◆ WORK ORDER
Copy each line of the listing below exactly and drop the images.

◆ MATERIAL PROVIDED
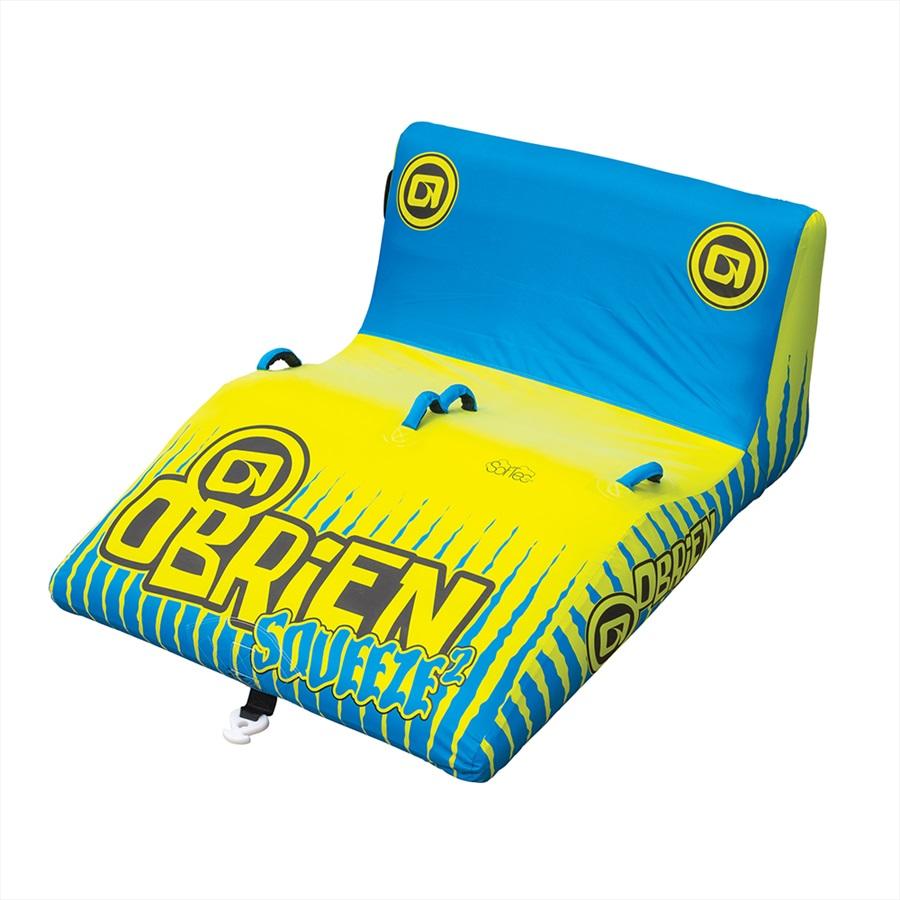 OBrien Squeeze Wedge Towable Inflatable Tube
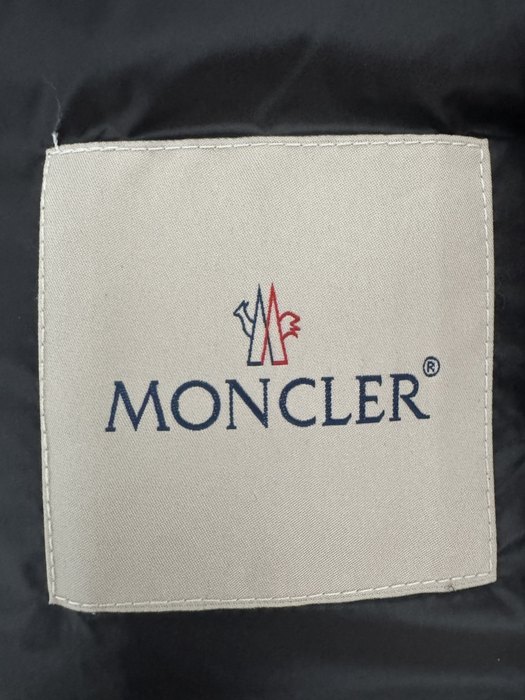 Clothing down jacket Black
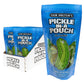 Van Holtens Pickles Jumbo Dill Pickle-In-A-Pouch, 12 Pack, 4 Ounce Each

◆ FINISHED EXERCISE
 OBrien Squeeze Wedge Towable Inflatable Tube
 Clothing down jacket Black
 Van Holtens Pickles Jumbo Dill Pickle-In-A-Pouch, 12 Pack, 4 Ounce Each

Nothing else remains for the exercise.